Fashion SMEs are international from day one, with first sales often taking place outside of the UK. Driven by the need to achieve high artistry and creative pieces, designers adopt a global approach in all elements of their business; from sourcing the perfect fabric, through to finding the best pattern cutter in the world to work with that fabric.
Fashion is component goods which traverse borders multiple times before becoming a finished product, and in order to sell, samples are taken during selling season to a variety of international markets and shows. This adds a level of complexity not dissimilar to other component goods industries such as the automotive industry. Below are the main trade concerns the BFC would like to highlight, in case of WTO rules and in a no-deal scenario:
- Businesses are having to assess the impacts of WTO tariffs. It is unclear who will take on the additional costs – the businesses or the end consumers
- Understanding of time frames. It is impossible to give 24 hours’ notice to HM Revenue & Customs around goods being shipped. To compete internationally, goods need to be shipped immediately
- Understanding around definitions of samples. What will happen to travelling samples and what paperwork will be needed? The BFC already has anecdotal notes of businesses being stopped and asked for paperwork, although not currently required. Tariffs and VAT will apply to samples
- The impact on logistics systems. Despite freight companies preparing, they can’t plan properly until they have clarity around new import and export rules. The impact on temporary warehousing. The impact of having to deal directly with brokers at ports, the paperwork associated with this and any delays this may incur.
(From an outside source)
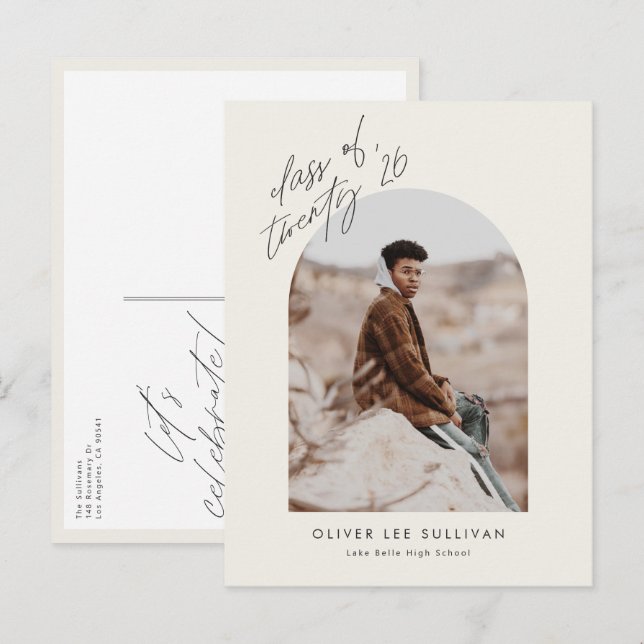 Invitation Carte Postale Classe Boho de 2025 Arch Photo Graduation (Devant / Derrière)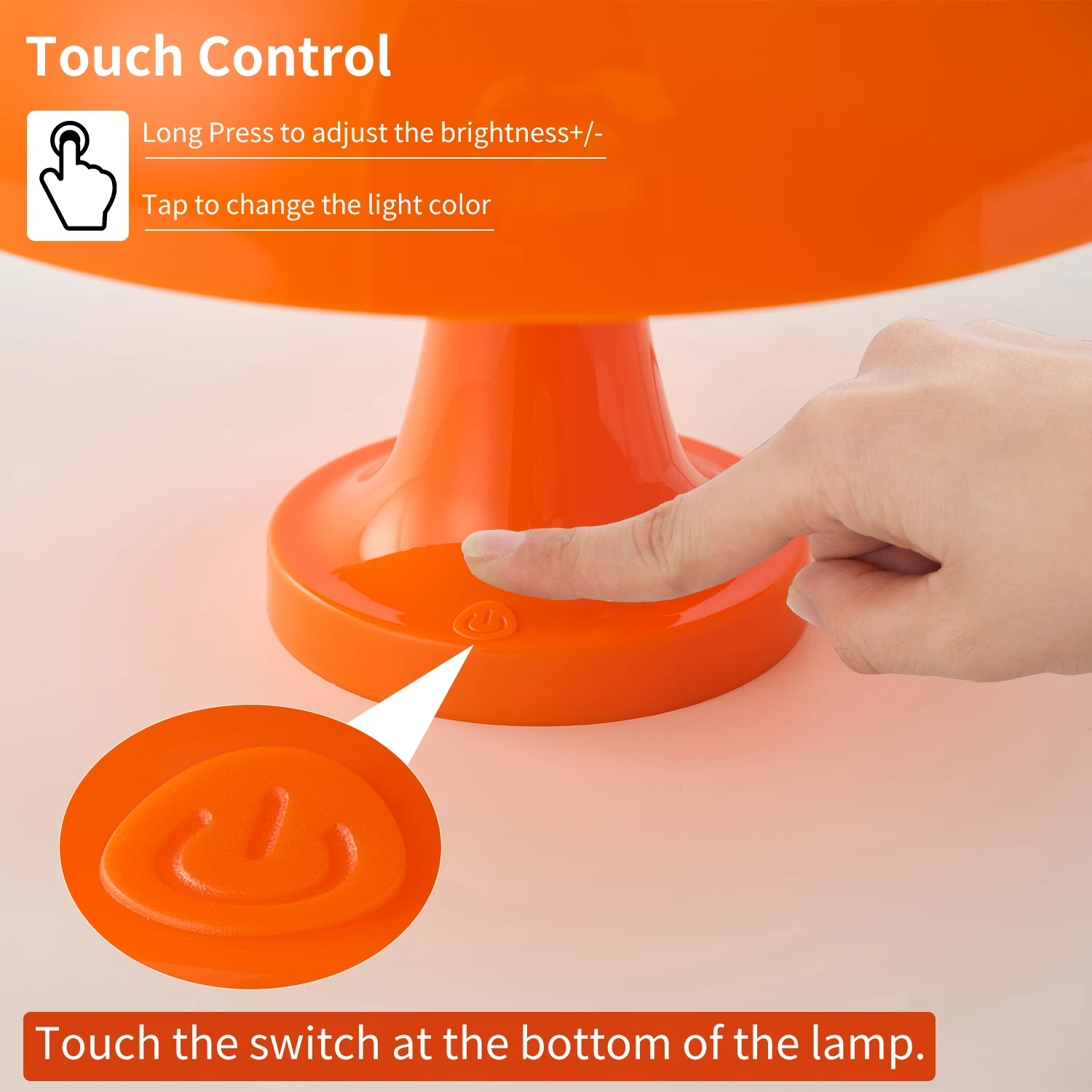 Lámpara de mesa LED, luz de dormitorio, lámpara de mesa clásica con forma de seta, diseño moderno Bauhaus, luz de ambiente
- VAT issues: businesses will have to do claims across 27 member states rather than to the EU as a whole
The BFC has been working with the Home Office to tackle existing known immigration issues:
- In 2018, with the Arts Council, it launched the Tier 1 Exceptional Talent visas which will see the BFC become an Independent Assessor for the visa applications in the fashion industry. This will allow to secure a new route for exceptionally talented designers and fashion sector individuals to work in the UK.
- In January 2019 new immigration rules laid in parliament covered Tier 5 visas used by models to enter the country, through a new Models Code of Practice.
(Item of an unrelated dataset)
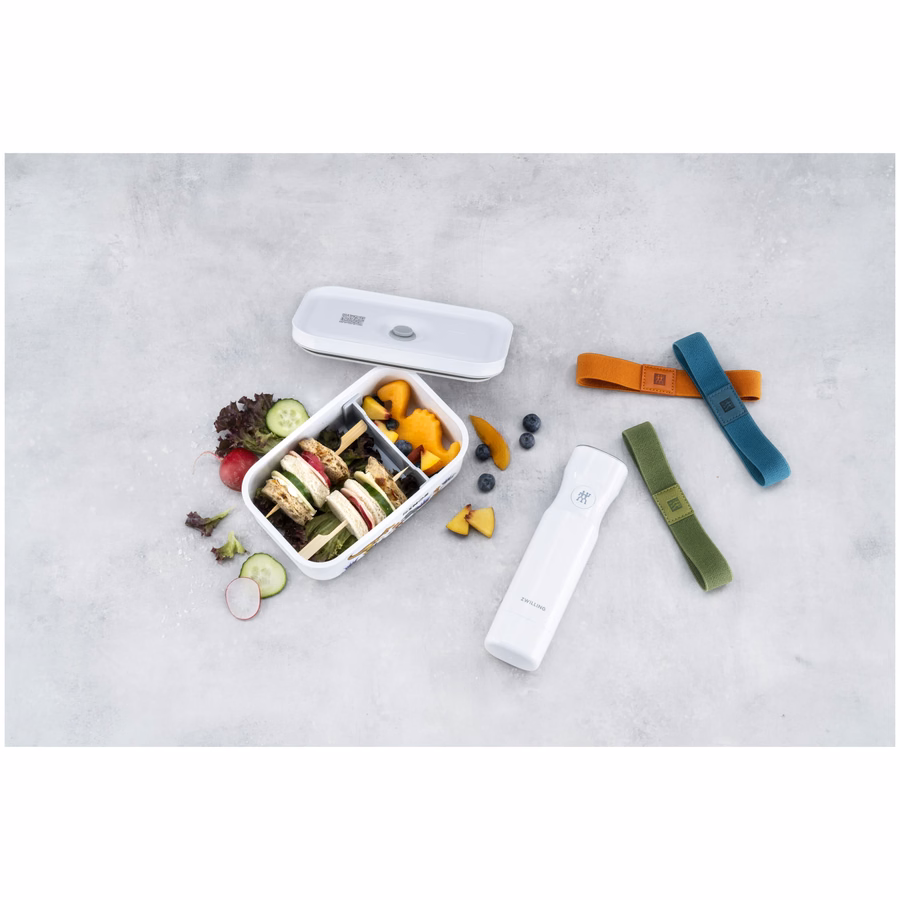 M, DINOS Vacuum Lunch Box, Plastic, White-Grey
However, these changes and the proposed changes to the immigration system through the government’s white paper, would not cover skilled, lower-paid workers from machinists to language experts, leaving concerns about skills gaps for the industry. Of particular concern is the recommendation that the Tier 2 visa has a £30,000 minimum threshold on salary, with skilled roles in fashion manufacturing typically earning less than this. Similarly, the shortage occupation list does not cover any roles required by the high-end fashion industry. The BFC asks that the salary threshold and shortage occupation list are reviewed as a matter of urgency.
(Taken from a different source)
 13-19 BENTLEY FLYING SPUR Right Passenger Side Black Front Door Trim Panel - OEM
The BFC considers essential for the UK to retain its leading position in attracting global talent. It is very important that communications to international students and talent is clear and highlights the fact that the fashion industry still wants them to study here, start businesses here and work here.
Luxurious Magazine does not endorse the views of the British Fashion Council as we are politically impartial. However, given the size of the British fashion industry, the editorial team does feel that their views should be shared for consideration.